The write cache 61 may subsequently or concurrently de-allocate storage space within the data cache 62 at block 152 of FIG. 5 in preparation of receiving future I/O request data. The primary I/O adapter 56 may then generate and send a de-allocation signal at block 154 to the secondary I/O adapter 58. The secondary I/O adapter 58 receives the de-allocation signal at block 155 and updates its own cache directory 74 at block 156 of FIG. 5. Of note, the data may be maintained within the directory 74 of the secondary adapter 58 at a different relative location(s) than is the corresponding data stored in the directory 60 of the primary adapter 56. In any case, however, the same data is updated in both cache directories 60 and 74 such that data coherence is maintained.

The write cache 72 of the secondary I/O adapter 58 may then de-allocate storage space at block 158 of FIG. 5 within its cache data 76. In this manner, unneeded data is purged to make additional storage space available within the adapter 58. A response is then sent at block 160 from the secondary I/O adapter 58 to the primary I/O adapter 56. That response is received at block 162 of FIG. 5. Subsequent processing may depend in part upon receipt of the response at block 162. For instance, a process dependent upon writing of the data to disk may wait until confirmation of the write and update is sent at block 160 prior to being executed.

The flowchart 170 of FIG. 6 shows exemplary steps for synchronizing dual I/O adapters. Such synchronization processes may be necessary when two adapters are initially paired with each other at the beginning of a mirroring sequence. Synchronization processes may additionally be employed where data cohesion has been interrupted, such as by a failure or crash, and it is desirable to re-establish data cohesion, or mirroring, between the adapters.

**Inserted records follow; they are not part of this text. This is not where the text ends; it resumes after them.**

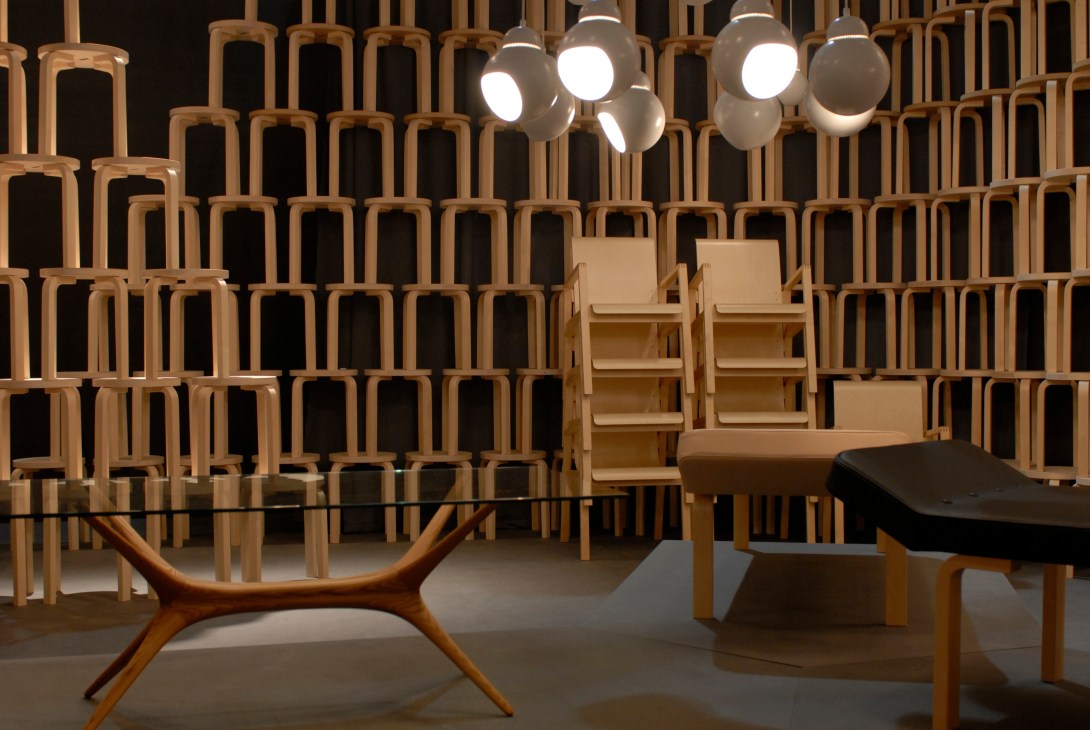 Artek exhibition stand featuring wooden chairs stacked on wall, pendant lights, and modern furniture displays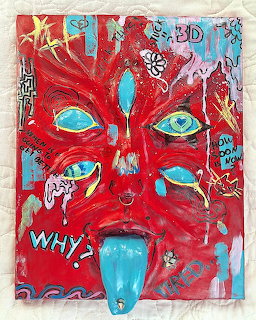 Abstract red face with turquoise eyes and protruding tongue on textured collage background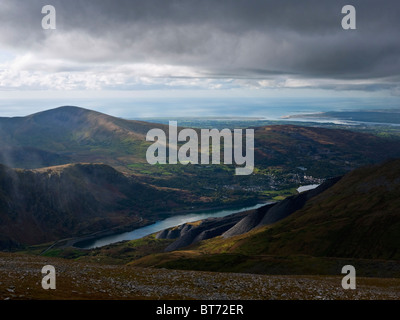 Llanberis, accoccolato tra Eilio Moel e Llyn Peris in Snowdonia. Il bottino dei cumuli di Dinorwig cave di ardesia sono visibili. Foto Stock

Turning more particularly to the steps of the flowchart 170, the I/O adapters 56, 58 may exchange identification and correlation information at block 172. Identification information may include hardware, serial numbers or other data indicative of the location and/or identity of an adapter. Correlation information may include a sequence number or other data indicative of whether the adapters and/or devices have ever been paired before. As such, correlation data may include IOA to IOA Correlation Data (IICD) and IOA-Device Correlation Data (IDCD) as are known to those skilled in the art and as are explained in greater detail below. As will be clear after a full reading of the specification, whether the adapters have been previously paired may affect processes used to synchronize the adapters.

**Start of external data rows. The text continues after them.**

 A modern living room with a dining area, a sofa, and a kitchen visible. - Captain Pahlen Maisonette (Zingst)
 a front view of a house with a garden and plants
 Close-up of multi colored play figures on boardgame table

Namely, the system 50 uses the correlation information at block 174 of FIG. 6 to determine if two adapters previously mirrored each other's data. This determination may be performed by each adapter to determine if the data was previously mirrored in both or only one direction, e.g., from the a first adapter 56 to the second adapter 58, and/or from the second adapter 58 to the first adapter 56. That is, each adapter may determine independently if it is capable of serving as the backup for the other adapter. As such, the first adapter may serve as the backup for the second adapter, but the second adapter does not necessarily serve as a backup for the first. Typically an adapter will always be able to serve as a backup for the other adapter unless it already has valid backup write cache data for a different adapter.

Where it is determined at block 174 that the I/O adapters 56, 58 were formerly paired, then the system 50 at block 176 may determine if the data maintained within the respective write caches 61 and 72 of each adapter 56, 58 is still valid. For instance, it may be determined at block 176 that the data has not become corrupted. Such may be the case where two adapters were powered down and back up again at the same time. If so at block 178, the primary I/O adapter 56 may complete any pending updates at block 178 of FIG. 6.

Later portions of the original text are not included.